A Times article reports that the BBC is selling the Lonely Planet travel guides to "a reclusive American billionaire," Brad M. Kelley.
"Reclusive billionaire" is one of those stereotypes that the Times likes to use even if it isn't accurate.
My authoritative Webster's Second Unabridged dictionary describes reclusive as someone living in reclusion, in "solitary confinement" or "secluded" from the world like a "monk or hermit."
But journalists now use the word to describe any rich person who doesn't drop everything and rush to the phone whenever a reporter calls. Any rich person who is any less receptive to press inquiries than Donald Trump or Senator Charles Schumer is routinely described as "reclusive," even if the person has friends and business colleagues and an active family or social life.

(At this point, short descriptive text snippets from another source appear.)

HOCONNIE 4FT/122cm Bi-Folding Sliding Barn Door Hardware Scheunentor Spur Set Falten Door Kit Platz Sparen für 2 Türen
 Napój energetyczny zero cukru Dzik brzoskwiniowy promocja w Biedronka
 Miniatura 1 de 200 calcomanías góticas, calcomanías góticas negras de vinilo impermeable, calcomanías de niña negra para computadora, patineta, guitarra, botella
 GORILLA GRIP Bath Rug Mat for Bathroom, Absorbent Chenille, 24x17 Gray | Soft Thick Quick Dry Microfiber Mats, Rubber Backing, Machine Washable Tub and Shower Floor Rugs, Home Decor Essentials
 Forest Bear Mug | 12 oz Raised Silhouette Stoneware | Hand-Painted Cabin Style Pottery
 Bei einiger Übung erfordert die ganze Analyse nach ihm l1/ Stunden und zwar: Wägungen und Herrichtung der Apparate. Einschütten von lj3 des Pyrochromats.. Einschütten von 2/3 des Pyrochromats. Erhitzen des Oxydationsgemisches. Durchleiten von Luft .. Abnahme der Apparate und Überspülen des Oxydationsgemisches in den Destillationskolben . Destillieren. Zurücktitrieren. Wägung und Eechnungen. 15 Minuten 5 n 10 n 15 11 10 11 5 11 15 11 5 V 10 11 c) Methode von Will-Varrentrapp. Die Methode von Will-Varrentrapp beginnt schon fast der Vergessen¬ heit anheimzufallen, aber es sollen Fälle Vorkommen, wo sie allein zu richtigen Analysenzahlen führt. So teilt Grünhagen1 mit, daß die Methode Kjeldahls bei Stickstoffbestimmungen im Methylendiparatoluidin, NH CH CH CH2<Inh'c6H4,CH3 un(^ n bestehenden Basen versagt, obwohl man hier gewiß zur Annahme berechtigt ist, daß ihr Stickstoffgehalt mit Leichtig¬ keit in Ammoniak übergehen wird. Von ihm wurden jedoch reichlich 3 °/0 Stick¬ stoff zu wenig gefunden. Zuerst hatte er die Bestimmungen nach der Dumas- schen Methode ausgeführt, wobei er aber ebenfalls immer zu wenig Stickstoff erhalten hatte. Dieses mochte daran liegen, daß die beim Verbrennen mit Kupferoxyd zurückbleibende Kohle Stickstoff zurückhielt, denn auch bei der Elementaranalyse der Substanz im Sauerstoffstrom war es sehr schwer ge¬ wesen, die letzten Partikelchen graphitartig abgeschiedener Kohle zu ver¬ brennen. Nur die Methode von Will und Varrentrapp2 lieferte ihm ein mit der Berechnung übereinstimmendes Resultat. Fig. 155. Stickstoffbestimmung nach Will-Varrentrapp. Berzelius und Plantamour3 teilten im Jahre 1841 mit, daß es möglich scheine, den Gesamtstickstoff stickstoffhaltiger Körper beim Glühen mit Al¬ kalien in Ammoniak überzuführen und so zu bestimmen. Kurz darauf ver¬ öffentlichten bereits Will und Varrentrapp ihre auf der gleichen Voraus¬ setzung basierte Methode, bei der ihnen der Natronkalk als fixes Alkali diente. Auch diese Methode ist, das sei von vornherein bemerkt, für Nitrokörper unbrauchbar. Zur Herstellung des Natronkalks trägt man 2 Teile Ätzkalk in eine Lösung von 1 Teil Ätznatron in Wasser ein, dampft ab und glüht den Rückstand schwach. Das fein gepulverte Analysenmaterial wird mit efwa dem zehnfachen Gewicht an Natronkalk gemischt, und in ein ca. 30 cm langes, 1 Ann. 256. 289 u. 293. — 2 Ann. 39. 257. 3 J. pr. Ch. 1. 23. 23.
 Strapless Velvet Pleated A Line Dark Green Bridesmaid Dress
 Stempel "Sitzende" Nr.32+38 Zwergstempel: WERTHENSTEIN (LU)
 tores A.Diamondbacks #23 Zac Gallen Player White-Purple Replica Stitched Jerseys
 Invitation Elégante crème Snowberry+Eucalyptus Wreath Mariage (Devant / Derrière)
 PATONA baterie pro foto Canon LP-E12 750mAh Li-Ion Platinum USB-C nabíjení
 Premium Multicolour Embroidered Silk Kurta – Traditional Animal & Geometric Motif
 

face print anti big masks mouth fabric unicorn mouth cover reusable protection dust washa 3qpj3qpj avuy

Other billionaires the Times has described as reclusive include Woody Johnson, Larry Ellison, Huguette Clark, Edmond Safra, Ira Rennert, Stephen Feinberg, and Steven Cohen. If you grant the Times enough interviews, it will describe you as "once-reclusive."
When people put an adjective together with a group for racial or religious groups, the Times is quick to condemn. Billionaires, though, seem to be acceptable targets for such treatment by the Times itself. When you read "reclusive billionaire," think, "lazy, biased, inaccurate journalist."